Hyperinsulinämie und der Krebsverdacht
Typ-2-Diabetes und Adipositas fördern offenbar über Hyperinsulinämie die Krebsentwicklung – und zwar besonders das kolorektale Karzinom. Ärzte sollten daher besonders auf die Darmkrebsvorsorge achten, schreibt Diabetologe Professor Stephan Martin in der Ärzte Zeitung.
(6.4.2022) - Adipositas und Typ-2-Diabetes sind mit einem erhöhten Risiko für unterschiedliche Krebserkrankungen assoziiert. Das gilt zum Beispiel außer für das Mamma- und das Pankreas-Karzinom insbesondere auch für das kolorektale Karzinom. Über die Zusammenhänge und die pathophysiologischen Ursachen wird unter Onkologen und Diabetologen viel diskutiert.
Menschen mit Adipositas oder mit Typ-2-Diabetes ist gemeinsam, dass bei ihnen die Insulinspiegel wegen ihrer Insulinresistenz deutlich erhöht sind.
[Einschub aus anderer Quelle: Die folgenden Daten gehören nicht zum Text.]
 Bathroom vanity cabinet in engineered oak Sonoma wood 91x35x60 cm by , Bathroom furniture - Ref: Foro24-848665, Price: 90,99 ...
Diese Hyperinsulinämie könnte die wesentliche pathophysiologische Ursache für die gehäufte Entwicklung von Tumoren sein.
Professorin Emily Gallagher von der Icahn School of Medicine at Mount Sinai in New York hat dazu schon vor anderthalb Jahren Befunde aus molekularen Untersuchungen vorgestellt (Nature Reviews Cancer 2020; 20: 629).
Demnach binden Insulin und Insulin-like Growth Faktor-1 (IGF-1) an verschiedene Varianten ihrer Rezeptoren, die auch auf Tumorzellen nachweisbar sind und dort mitogene Wirkungen vermitteln können. In verschiedenen Mausmodellen mit genetisch modifizierter Insulinproduktion konnte der Einfluss einer Hyperinsulinämie auf die Tumorprogression nachgewiesen werden.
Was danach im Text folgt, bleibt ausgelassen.